Do you include commit data, changes, etc., in feature branches?

Currently, we do not: we only consider the default branch of a repository. It is currently prohibitively expensive to process all branches of all repos, but this may change in the future.

I see some repositories are updated less than a day ago, but no commits or changes were made. What gives?

An update can be things like a change in a repository's description or wiki pages. We count such activities as updates.

Do these metrics reveal anything about software quality?

Many commits a good project does not (necessarily) make. Research in evaluating software quality is a longstanding and open problem [1, 2, 3, 4]. Metrics such as lines of code and commit history may impact qualitative attributes such as software maintainability [5], but do not speak directly to quality attributes.
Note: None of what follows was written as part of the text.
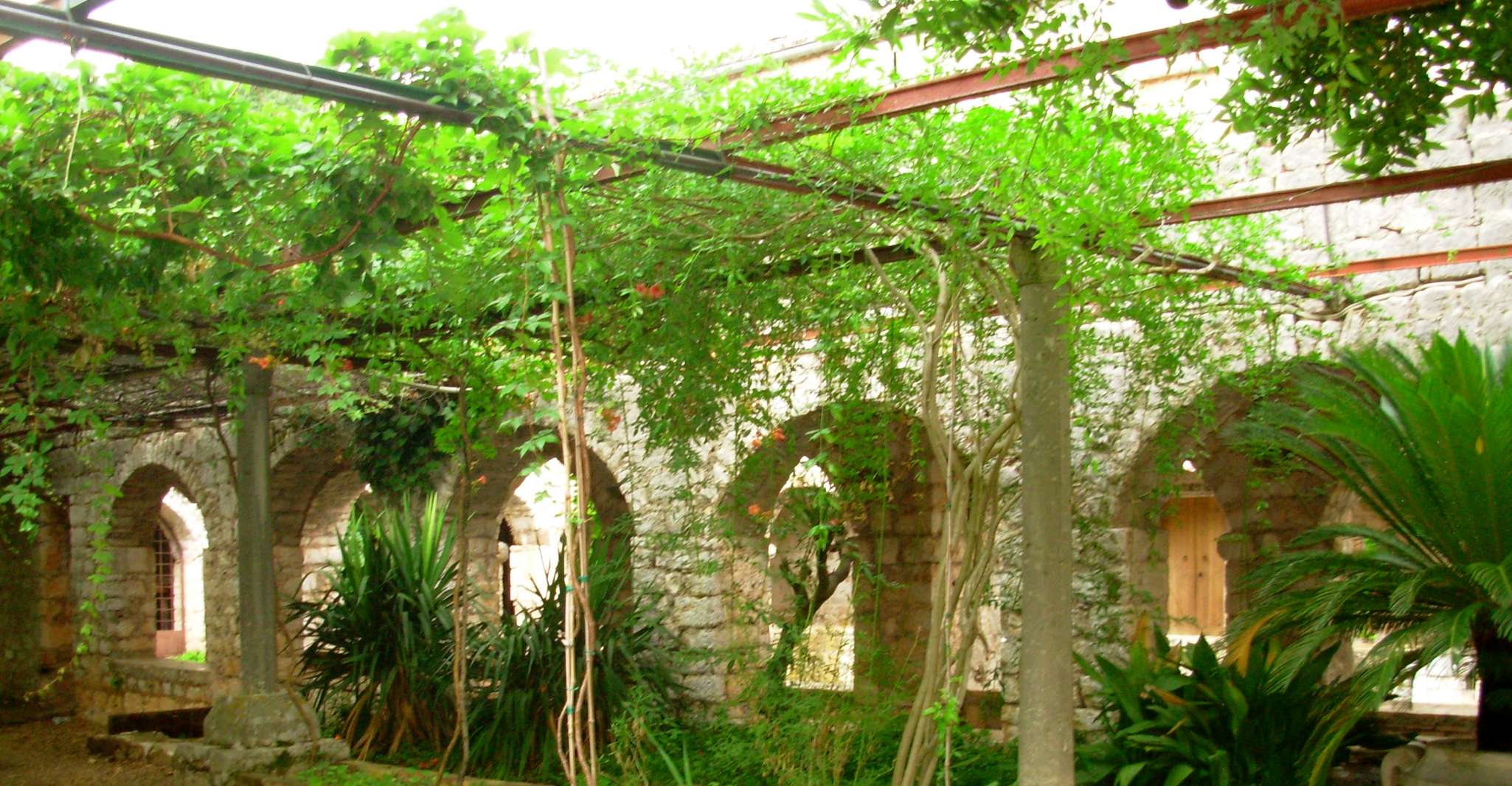 The Best of Hvar in a Day with Wine tasting and Local Dinner - Housity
Quantitative measures (such as those on this site) also miss language-specific attributes (e.g., one line of Haskell may be more expressive than one line of Javascript). However, research shows that quantiative metrics can be useful as covariates for software quality predictors [6]. At the least, our metrics are a good measure of active developer activity for budding open source cryptocurrency developments.

Can't these code metrics be artifically influenced?

We use independent metrics to give a high level view of a project's activity. This helps to avoid data skew and makes it harder to influence the numbers artificially. For example, a single commit could be broken up into 10 smaller commits, but the number of lines would stay the same. Taking it up a level, using a variety of metrics (including number of developers and stars) gives greater confidence that the numbers reflect organic activity.

Some crypto currencies, like Bitcoin Cash, don't have a reference implementation. What do you do about that?

It is challenging to collect distributed projects that implement a protocol. For example, Bitcoin Cash has at least four (1, 2, 3, 4) related client implementations. It also prompts challenges to include projects relating to a protocol, but not strictly part of the reference organization (e.g., should we include the MetaMask project for Ethereum?) Due to these challenges, we (currently) only include projects with a dedicated reference organization or user on GitHub, and are investigating improvements.